The network marketing division was in operation approximately 60% of the 1995
fiscal year.  Therefore, principles expect significantly increased revenues in
1996 from this division.

Total sales of the Company's burn cleansing solution remained moderate during
the third quarter.  The Company stresses sales to Fortune 500 industrial
giants, which is an exhausting task, and sales are expected to increase as name
recognition and familiarity increase.

Extraordinary expenses relating to the initial formation of the company,
purchase of inventory, and Initial Public Offering, caused significant 1st and
2nd Quarter losses in 1995 in excess of $110,000 combined.  Through the
incorporation of additional products and an increased focus on sales, the loss
for the 3rd Quarter substantially decreased to just over $7,000. 

Now, having completed the Initial Public Offering, the Company's principles are
singularly focused on generating profitability by increasing revenues while
maintaining relative expenses.  The Company currently maintains in excess of
$535,000 in retail inventory and over $360,000 in cash and cash equivalents.
The Company maintains a strong position to expand its current market share
and reap significant rewards for its investors, principals, employees and
shareholders.

                             Plan of Operation
          
D. H. Marketing & Consulting, Inc. (the "Company") was incorporated under the
laws of the State of Nevada on September 8, 1994 for the purpose of acquiring
D. H. Marketing & Consulting, Inc., a New York corporation (D. H. Marketing-New
York).  D. H. Marketing-New York was organized on January 6, 1994 and has been
actively engaged in business operations since that time.   On September 29,
1994, the Company entered into a merger agreement with D. H. Marketing-New York
in a transaction in which the Company was the surviving entity.  The Company is
segmented into three distinct operations, consisting of the burn-cleansing
solution division, network marketing division and the collectible division.

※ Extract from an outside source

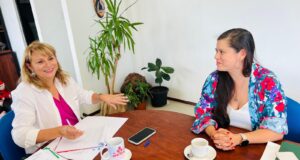 Alcaldesa de Pitrufquén se reúne con la nueva directora regional del INJUV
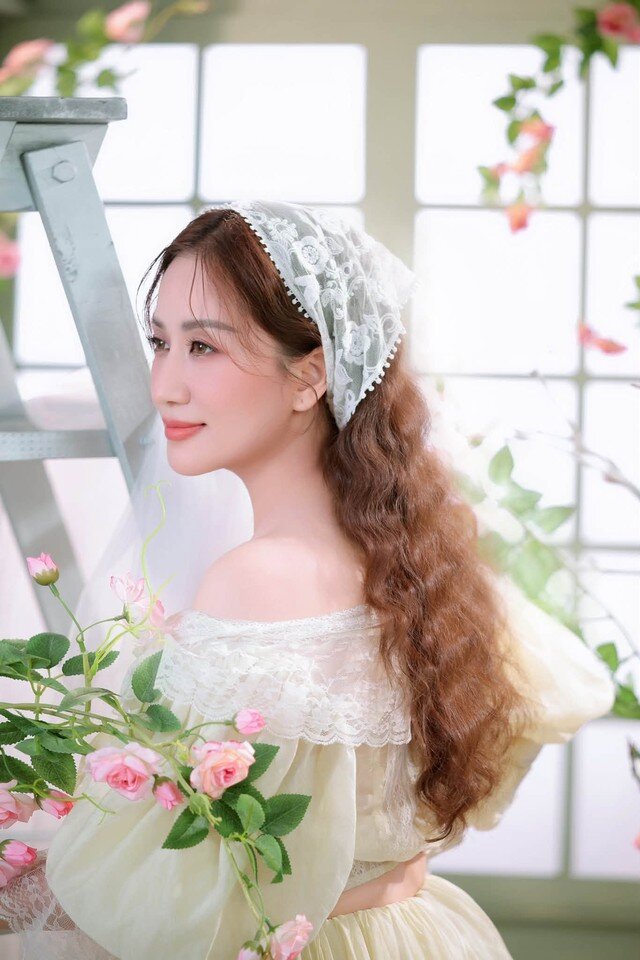Khánh Thi làm nàng thơ nước Pháp, lời nhận xét của Phan Hiển khiến cô than trời - 7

Burn-Cleansing Solution Division

In 1986, the PREVOR Laboratory of Valmondois, France, developed a revolutionary
chemical burn-cleansing solution.  Unlike current rinsing solutions that dilute
chemicals while they continue to burn the skin and eyes, diphoterine absorbs
the burning molecules on contact, preventing additional exposure to the skin.
Diphoterine is effective on the skin and eyes for burns resulting from caustic
acids, bases and solvent.  Testimonies from European Fortune 500 Companies
credit diphoterine for improving productivity, decreasing absence, preventing
permanent injury and improving employee safety.

Diphoterine is effective on the skin and eyes for burns caused by all acids,
bases and caustic solvents except white phosphor and hydrofluoric acid. 
Hexafluorine was developed specifically for use against burns caused by hydro-
fluoric acid.  Both cleansing solutions have been in use in Europe for five
years.  European users include Rohm and Haas, IBM, Proctor and Gamble, BASF and
DuPont.  A Rhone Poulenc five year study showed use of diphoterine decreased
both the number of chemical spatters reported and the number of employees
requiring emergency treatment due to chemical burns.  

Any employee exposed to acids, bases and caustic solvents is at risk of being
injured as a result of a chemical spatter.  Current good manufacturing
practices require cleansing solutions be in close proximity to these employees.
But current solutions dilute and wash away only some of the chemical while the
remaining chemical continues to attack the body, causing permanent injury and
scarring.  Diphoterine and hexafluorine are chemical burn-cleansing solutions
that will absorb all the caustic chemical, normalizing pH levels and stop the
burning within seconds.  

There were 60,000 individuals in 1993 requiring emergency treatment due to
chemical burns at an average cost of over $50,000.  The Company believes that
use of diphoterine and hexafluorine in the work place will decrease the number
of individuals permanently injured from chemical spatters.  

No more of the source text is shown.